Ausgefressen

Schizophrenie und Symbiose

Martin Hablesreiter

Vor etlichen 1000 Jahren entdeckten wir Menschen die verschiedenen Techniken des Konservierens. An allen Ecken und Enden der Welt begannen wir mit dem Einsalzen, dem Trocknen, dem Räuchern und mit vielerlei Fermentationsprozessen. Wir lernten, Essen haltbarer, mitunter schmackhafter und in manchen Fällen sogar berauschend zu machen. Das war (und ist) recht praktisch, wohlschmeckend und zum Teil ziemlich lustig. Ab- gesehen davon ermöglichte die gute alte Fermentation einige kulturelle, wissenschaftliche und wirtschaftliche Entwicklungen. Zum Beispiel gäbe es ohne Brot und Bier keine Pyramiden. Die beiden Produkte waren nämlich bevorzugtes Essen respektive Rauschmittel der Bauarbeiter – und ganz nebenbei die beliebtesten Opfergaben von Ägyptens Gottheiten. Später und woanders sollten Demeter und Dionysos bei jeder Gelegenheit auftauchen. Und bekanntlich liessen sich 13 befreundete Männer beim letzten Abendmahl Brot und Wein servieren.

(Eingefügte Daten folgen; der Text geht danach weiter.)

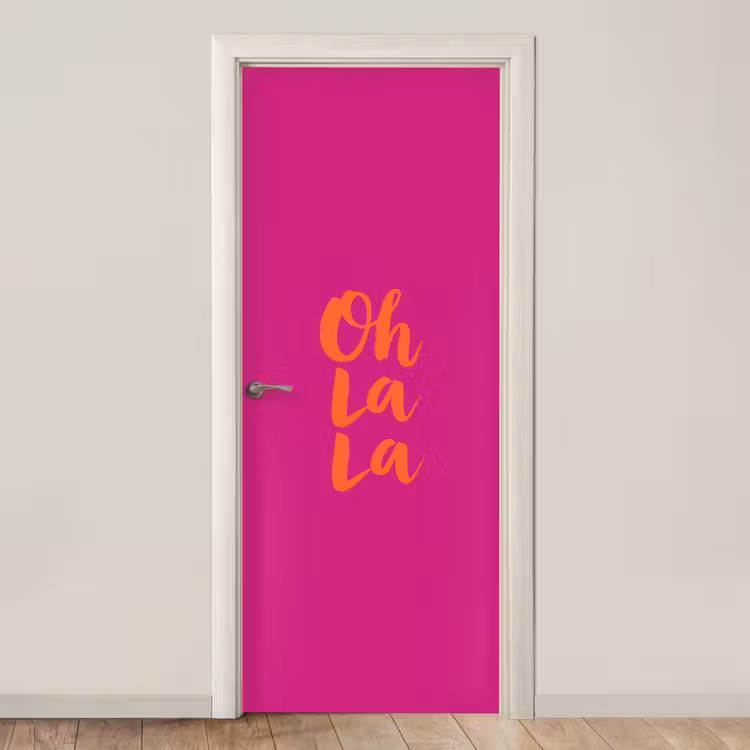 Oh la la - Roze - Oranje - Minimalistisch deurposter klein -3d_beige
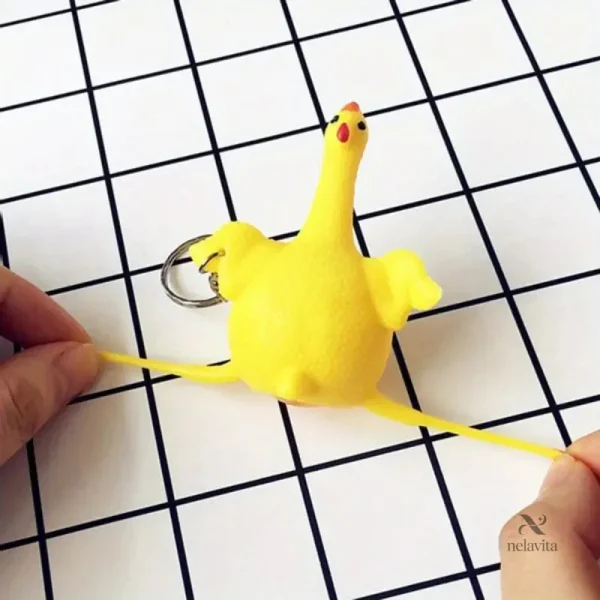 Porte-clés rigolo poulet, accessoire ludique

Dass man Fermentation und Trunkenheit mit dem Göttlichen verband, ist kein Wunder. Schliesslich war nicht ganz geklärt, wer genau den Teig wachsen lässt und wer zur Hölle den Rausch in den Alkohol bringt. Jahrtausende lang liessen wir bei der Nahrungsgestaltung kleine Helfer für uns arbeiten, ohne zu wissen, dass sie existieren. Wir hatten schlicht keine Ahnung, dass es Bakterien gibt, geschweige denn, dass sie für uns kochen. Und dann treten endlich Wissenschaftler wie Louis Pasteur oder Robert Koch auf den Plan und entdecken die fleissigen Kleinen, sagen aber zugleich, dass diese todbringende Krankheiten verbreiten. Da haben wir den Salat. Wir wissen nicht, ob Bakterien nun Freunde oder Feinde sind. Kulinarische Schizophrenie! Doch das Schlimmste kommt noch: Die Dinger wohnen in uns. Drei Milliarden verschiedene Spezies oder zwei Kilogramm Bakterien tragen wir alle im Magen-Darm-Trakt mit uns herum. Jeder Mensch ist Wirt! Das muss erst einmal verdaut werden.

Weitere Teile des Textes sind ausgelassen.